INFORMATION SUPPLIED:
•••••

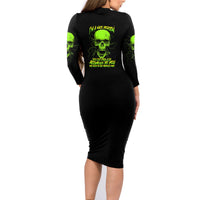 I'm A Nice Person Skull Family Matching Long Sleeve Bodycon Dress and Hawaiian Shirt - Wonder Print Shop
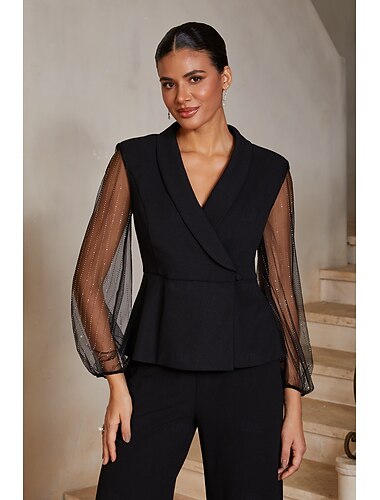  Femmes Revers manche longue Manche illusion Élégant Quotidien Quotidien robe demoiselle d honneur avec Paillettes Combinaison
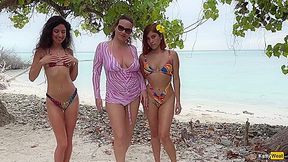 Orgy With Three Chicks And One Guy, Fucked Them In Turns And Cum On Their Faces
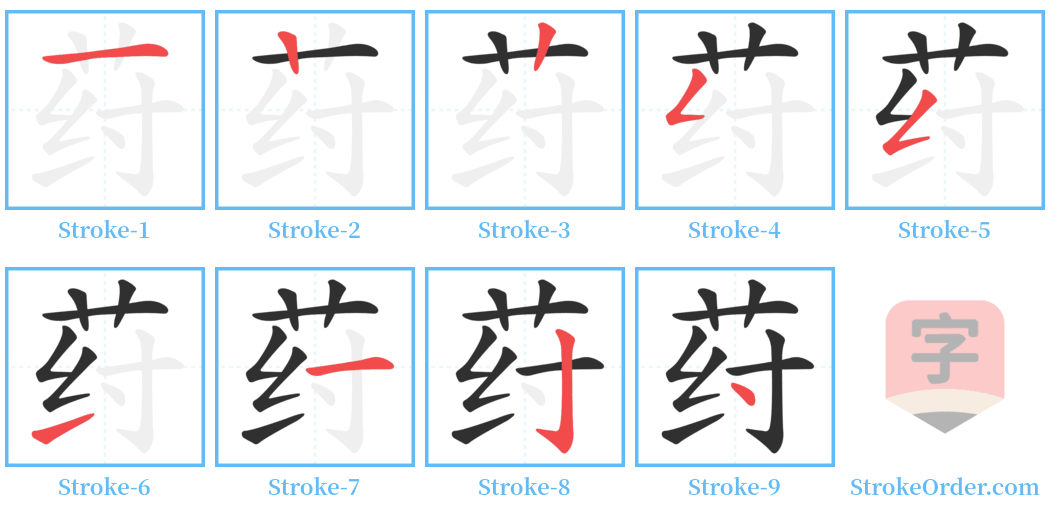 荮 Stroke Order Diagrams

•••••

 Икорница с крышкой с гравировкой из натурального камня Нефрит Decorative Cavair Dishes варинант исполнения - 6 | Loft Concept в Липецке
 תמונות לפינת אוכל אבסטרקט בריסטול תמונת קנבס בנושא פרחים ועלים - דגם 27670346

•••••

ABOUT THIS EXERCISE:
The result should be an exact copy of only the lines above from the one that holds "Femmes Revers manche" through the one that holds "荮 Stroke Order Diagrams", both ends included, without pictures.

TASK SOLUTION:
  Femmes Revers manche longue Manche illusion Élégant Quotidien Quotidien robe demoiselle d honneur avec Paillettes Combinaison
 Orgy With Three Chicks And One Guy, Fucked Them In Turns And Cum On Their Faces
 荮 Stroke Order Diagrams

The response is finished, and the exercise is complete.